* _Problem requirements_: Return the listing below exactly. Leave its pictures out.

* _Provided material_:

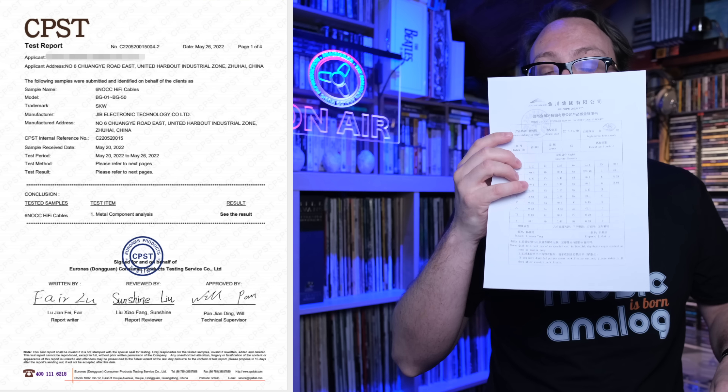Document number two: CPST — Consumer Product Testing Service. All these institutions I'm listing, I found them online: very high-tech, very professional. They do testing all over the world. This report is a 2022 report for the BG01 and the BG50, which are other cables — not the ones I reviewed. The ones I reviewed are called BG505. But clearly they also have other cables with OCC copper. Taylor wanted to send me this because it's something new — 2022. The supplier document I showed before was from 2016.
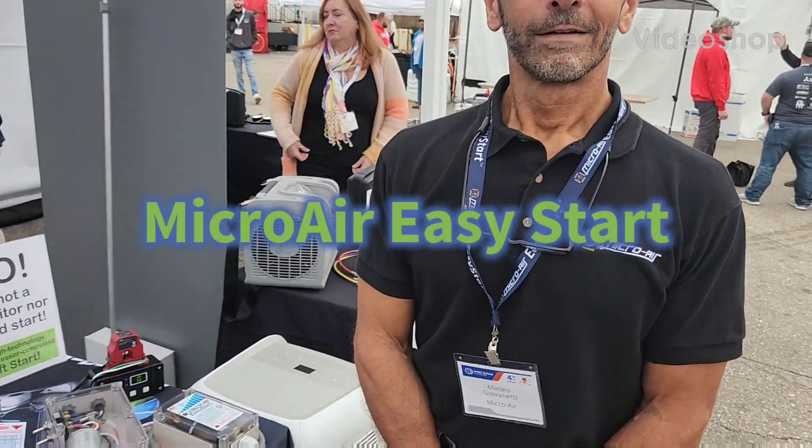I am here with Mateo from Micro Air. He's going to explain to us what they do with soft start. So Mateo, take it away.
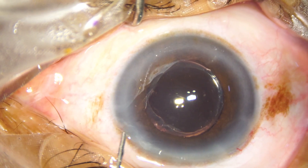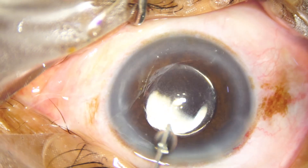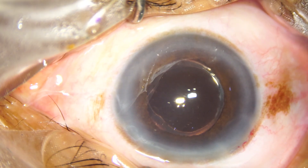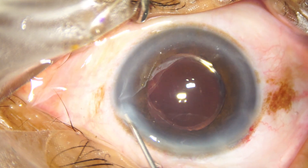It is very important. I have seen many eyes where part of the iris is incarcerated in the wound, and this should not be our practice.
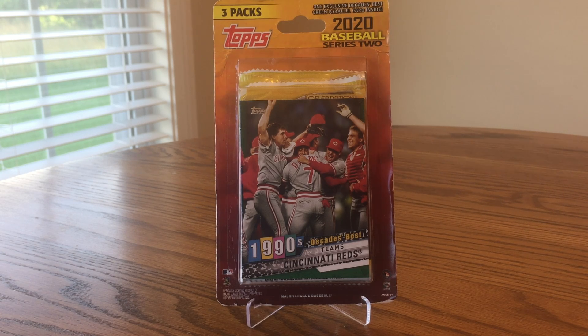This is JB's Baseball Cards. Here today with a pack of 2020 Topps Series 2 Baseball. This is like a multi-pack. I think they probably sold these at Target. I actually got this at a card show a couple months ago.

* _Answer to the exercise_:
Document number two: CPST — Consumer Product Testing Service. All these institutions I'm listing, I found them online: very high-tech, very professional. They do testing all over the world. This report is a 2022 report for the BG01 and the BG50, which are other cables — not the ones I reviewed. The ones I reviewed are called BG505. But clearly they also have other cables with OCC copper. Taylor wanted to send me this because it's something new — 2022. The supplier document I showed before was from 2016.
I am here with Mateo from Micro Air. He's going to explain to us what they do with soft start. So Mateo, take it away.
It is very important. I have seen many eyes where part of the iris is incarcerated in the wound, and this should not be our practice.
This is JB's Baseball Cards. Here today with a pack of 2020 Topps Series 2 Baseball. This is like a multi-pack. I think they probably sold these at Target. I actually got this at a card show a couple months ago.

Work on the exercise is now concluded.